If you're working on large scale projects, you should consider using real code — you can find hands-on examples on how to programmatically generate Kubernetes resources in Java, Go, Javascript, C# and Python in this repository.
Contents:
- Introduction: managing YAML files
- Search and replace
- Templating with
yq
- Templating with Kustomize
- Generating resource manifests with code
- Why not Helm?
- Other configuration tools
- Summary
Introduction: managing YAML files
When you have multiple Kubernetes clusters, it's common to have resources that can be applied to all environments but with small modifications.
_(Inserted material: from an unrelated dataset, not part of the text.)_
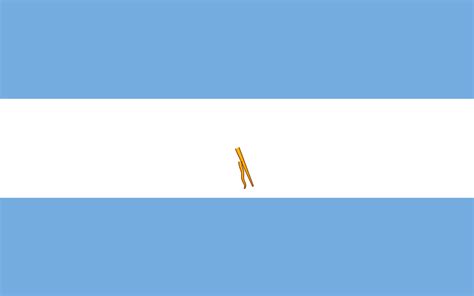 File:Flag of Argentina.svg - Wikipedia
As an example, when an app runs in the staging environment, it should connect to the staging database.
However, in production, it should connect to the production database.
In Kubernetes, you can use an environment variable to inject the correct database URL.
The following Pod is an example:
pod.yaml
apiVersion: v1
kind: Pod
metadata:
name: test-pod
spec:
containers:
- name: test-container
image: registry.k8s.io/busybox
env:
- name: DB_URL
value: postgres://db_url:5432
Since the value postgres://db_url:5432
is hardcoded in the YAML definition, there's no easy way to deploy the same Pod in multiple environments such as dev, staging and production.
You could create a Pod YAML definition for each of the environment you plan to deploy.
bash
tree .
kube/
├── deployment-prod.yaml
├── deployment-staging.yaml
└── deployment-dev.yaml
Unfortunately, having several copies of the same file with minor modifications has its challenges.
If you update the name of the image or the version, you have to amend all of the remaining files.
Using templates with search and replace
A better strategy is to have a placeholder and replace it with the real value before the YAML is submitted to the cluster.
Search and replace.
If you're familiar with bash
, you can implement search and replace with few lines of sed
.
Your Pod should contain a placeholder like this:
pod.yaml
apiVersion: v1
kind: Pod
metadata:
name: test-pod
spec:
containers:
- name: test-container
image: registry.k8s.io/busybox
env:
- name: ENV
value: %ENV_NAME%
And you could run the following command to replace the value of the environment on the fly.
bash
sed s/%ENV_NAME%/$production/g \
pod_template.yaml > pod_production.yaml
However, tagging all the templates and injecting placeholders is hard work.
What if you want to change a value that isn't a placeholder?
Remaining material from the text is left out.